W czwartek doszło do uzgodnienia ostatniego spornego punktu umowy społecznej dotyczącej likwidacji górnictwa tj. indeksacji wynagrodzeń górników na najbliższe cztery lata. Strony ustaliły górną granicę poziomu indeksacji, ale nie podały szczegółów uzgodnionych rozwiązań.
We wcześniejszych rozmowach uzgodniono również m.in. daty wygaszania ostatnich kopalń, pakiet socjalny dla górników, a także gwarancje zatrudnienia do emerytury.
Czytaj więcej: Negocjacje górników z rządem: gwarancja zatrudnienia w kopalniach zapisana w ustawie
Wiceminister aktywów państwowych Artur Soboń, podał iż umowa społeczna będzie miała cztery załączniki, których treść również została uzgodniona. Będą one dotyczyły zasad pomocy publicznej, inwestycji przewidzianych do realizacji w ramach umowy, terenów pogórniczych objętych umową oraz instrumentów pomocowych dla firm okołogórniczych i gmin górniczych.
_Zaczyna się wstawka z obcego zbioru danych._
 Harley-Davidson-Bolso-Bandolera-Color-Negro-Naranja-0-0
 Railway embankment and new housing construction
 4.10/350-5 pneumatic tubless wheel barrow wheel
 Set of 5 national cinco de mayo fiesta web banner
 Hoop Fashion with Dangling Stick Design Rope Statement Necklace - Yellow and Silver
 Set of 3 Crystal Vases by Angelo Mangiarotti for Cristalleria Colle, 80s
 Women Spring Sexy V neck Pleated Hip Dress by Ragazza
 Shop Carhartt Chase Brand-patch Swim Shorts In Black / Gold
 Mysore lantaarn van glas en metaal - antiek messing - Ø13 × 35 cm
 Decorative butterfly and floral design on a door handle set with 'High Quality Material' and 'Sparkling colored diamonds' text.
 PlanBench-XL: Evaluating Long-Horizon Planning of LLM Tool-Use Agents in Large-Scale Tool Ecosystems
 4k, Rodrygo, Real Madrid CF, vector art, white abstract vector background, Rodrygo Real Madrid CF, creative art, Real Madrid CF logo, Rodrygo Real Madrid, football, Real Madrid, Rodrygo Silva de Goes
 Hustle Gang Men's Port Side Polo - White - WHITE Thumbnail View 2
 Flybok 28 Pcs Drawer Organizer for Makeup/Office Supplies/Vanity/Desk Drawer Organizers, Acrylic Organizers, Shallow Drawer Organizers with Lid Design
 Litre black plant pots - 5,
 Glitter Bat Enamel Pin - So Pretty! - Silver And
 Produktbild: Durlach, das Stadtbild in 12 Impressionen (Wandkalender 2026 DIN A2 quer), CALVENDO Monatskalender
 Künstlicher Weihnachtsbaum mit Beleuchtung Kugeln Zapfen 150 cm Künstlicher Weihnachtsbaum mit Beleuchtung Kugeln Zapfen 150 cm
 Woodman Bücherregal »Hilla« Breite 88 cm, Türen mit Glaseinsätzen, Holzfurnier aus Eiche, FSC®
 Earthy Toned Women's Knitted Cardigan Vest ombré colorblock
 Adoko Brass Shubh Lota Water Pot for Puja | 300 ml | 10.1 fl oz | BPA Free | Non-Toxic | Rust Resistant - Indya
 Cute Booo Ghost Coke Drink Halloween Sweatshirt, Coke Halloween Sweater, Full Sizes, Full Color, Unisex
Jak ocenił Dominik Kolorz szef śląsko-dąbrowskiej Solidarności umowa społeczna, choć dotyczy trudnych decyzji, jest dobra.
Zasady długoletniej transformacji górnictwa i Śląska uzgodnione w umowie są, zdaniem Kolorza, bardzo przyzwoicie zapisane. Jednak dla związkow jest to tzw. „uśmiech przez łzy”. Bowiem likwidacji ulega jedna z najważniejszych branż gospodarczych w Polsce.
Ostateczne podpisanie umowy będzie możliwe po jej akceptacji przez organy statutowe poszczególnych związków zawodowych i prawdopodobnie zajmie to około dwóch tygodni.
W Katowicach, na najbliższą środę (28.04) zaplanowano parafowanie umowy. Treść dokumentu nie została jeszcze ujawniona.
Prenotyfikacja umowy w Komisji Europejskiej ma rozpocząć się jeszcze w maju. Zdaniem wiceministra Sobonia KE zaakceptuje polski program i zaproponowane rozwiązania. Zgoda Komisji jest warunkiem wejścia umowy w życie.